Your task: When copying the listing below, skip every picture and repeat exactly the lines from the first one through the line that contains "luxury labels label golden".

Recorded data:

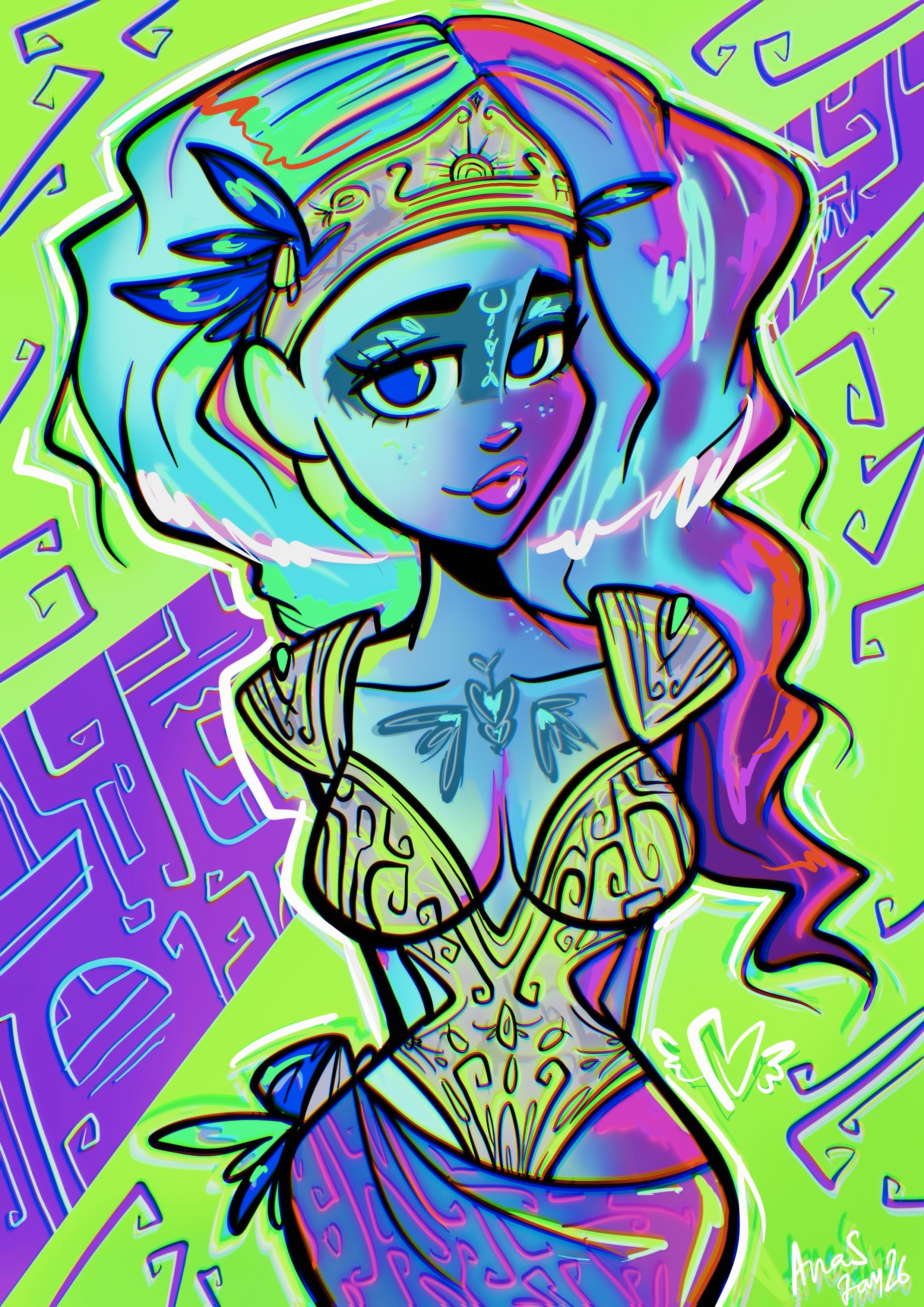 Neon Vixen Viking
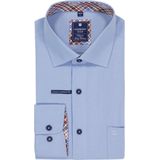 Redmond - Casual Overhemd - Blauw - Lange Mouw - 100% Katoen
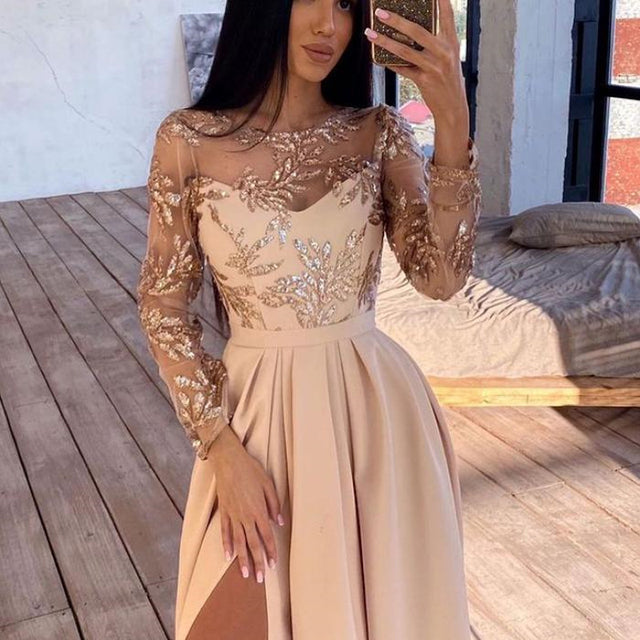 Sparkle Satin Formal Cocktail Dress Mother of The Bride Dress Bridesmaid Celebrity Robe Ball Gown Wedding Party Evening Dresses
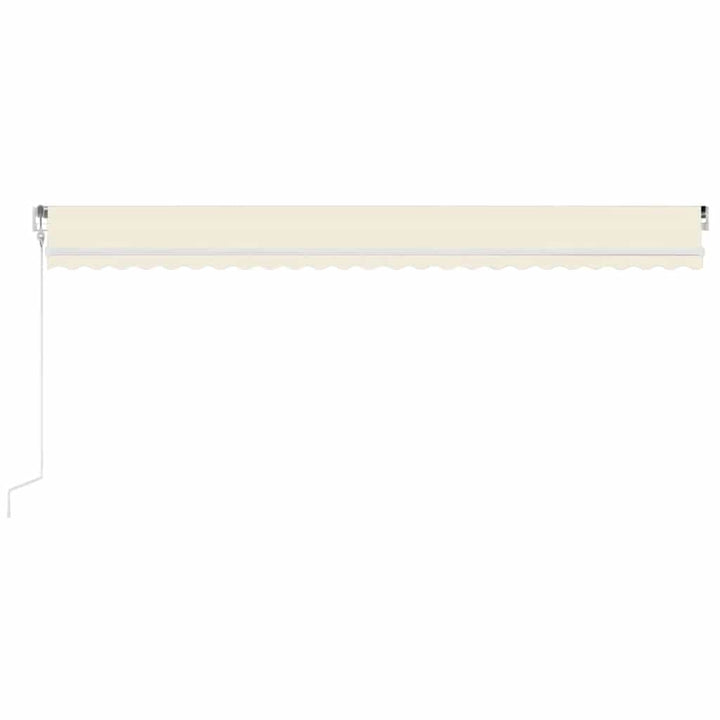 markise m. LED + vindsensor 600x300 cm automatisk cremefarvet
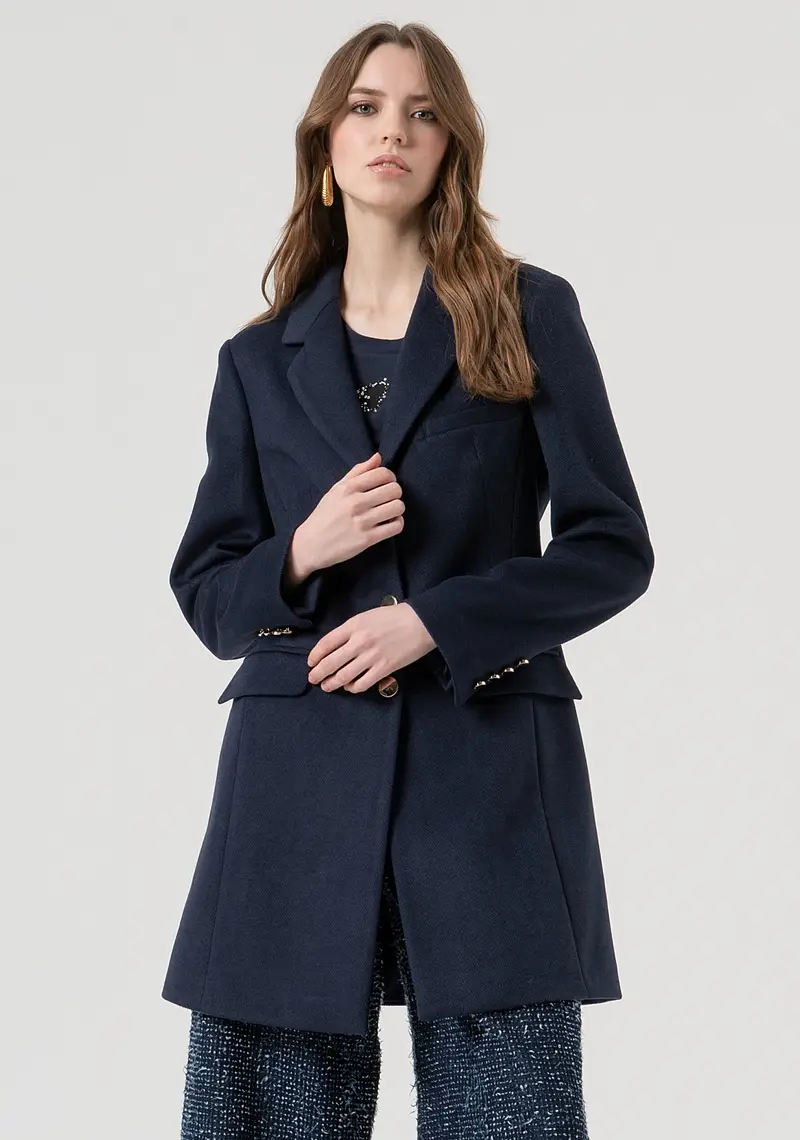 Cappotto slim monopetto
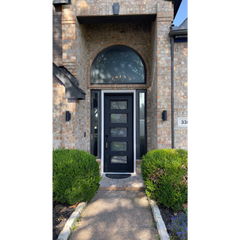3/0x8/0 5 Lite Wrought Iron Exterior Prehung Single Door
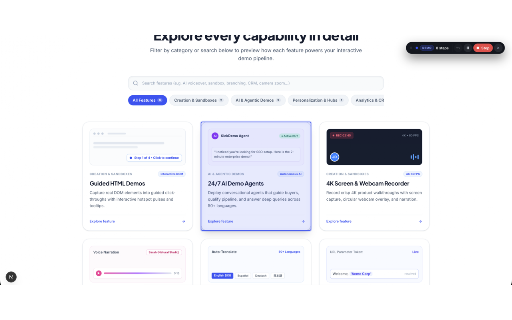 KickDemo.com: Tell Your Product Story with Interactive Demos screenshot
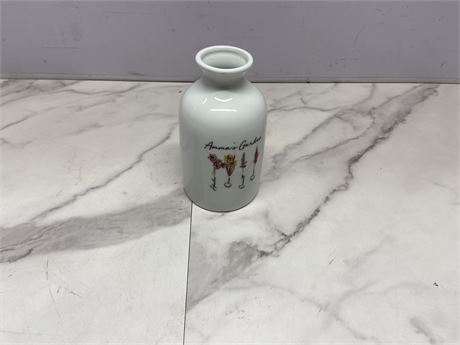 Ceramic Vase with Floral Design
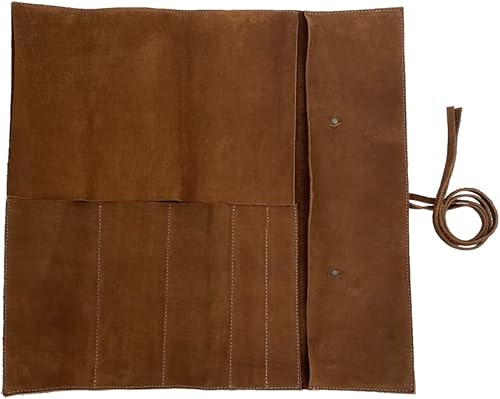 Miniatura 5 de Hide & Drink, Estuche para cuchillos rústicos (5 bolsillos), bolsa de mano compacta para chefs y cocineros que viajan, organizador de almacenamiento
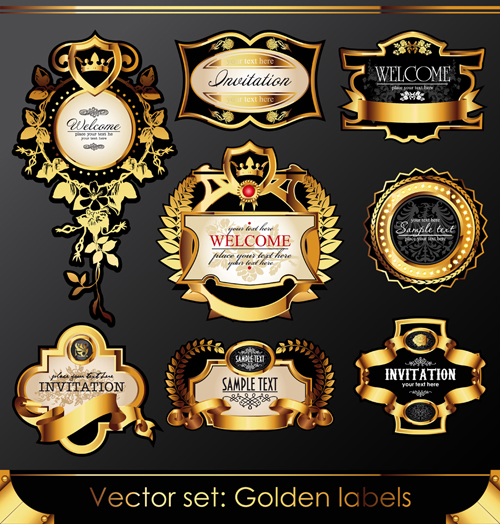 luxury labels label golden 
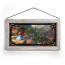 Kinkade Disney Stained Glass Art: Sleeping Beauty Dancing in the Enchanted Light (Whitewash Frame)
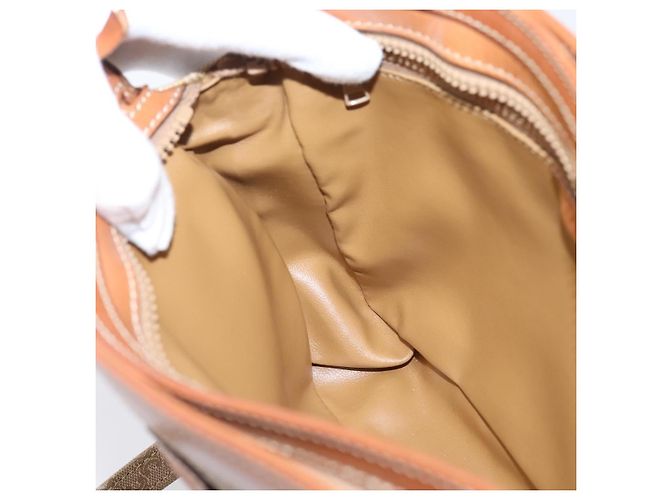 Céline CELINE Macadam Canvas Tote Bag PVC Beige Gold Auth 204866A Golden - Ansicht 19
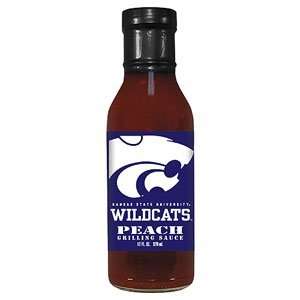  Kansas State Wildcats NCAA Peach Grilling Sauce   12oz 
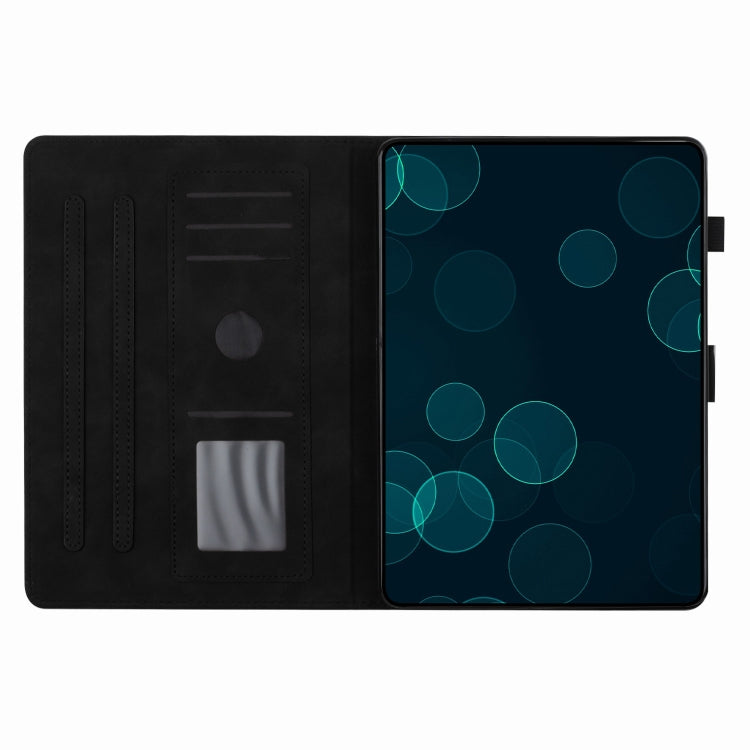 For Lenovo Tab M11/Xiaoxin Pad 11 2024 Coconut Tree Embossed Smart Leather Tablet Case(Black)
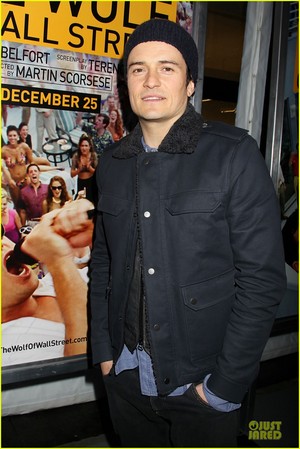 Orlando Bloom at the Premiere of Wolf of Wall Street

Answer for this exercise:
 Neon Vixen Viking
 Redmond - Casual Overhemd - Blauw - Lange Mouw - 100% Katoen
 Sparkle Satin Formal Cocktail Dress Mother of The Bride Dress Bridesmaid Celebrity Robe Ball Gown Wedding Party Evening Dresses
 markise m. LED + vindsensor 600x300 cm automatisk cremefarvet
 Cappotto slim monopetto
3/0x8/0 5 Lite Wrought Iron Exterior Prehung Single Door
 KickDemo.com: Tell Your Product Story with Interactive Demos screenshot
 Ceramic Vase with Floral Design
 Miniatura 5 de Hide & Drink, Estuche para cuchillos rústicos (5 bolsillos), bolsa de mano compacta para chefs y cocineros que viajan, organizador de almacenamiento
 luxury labels label golden 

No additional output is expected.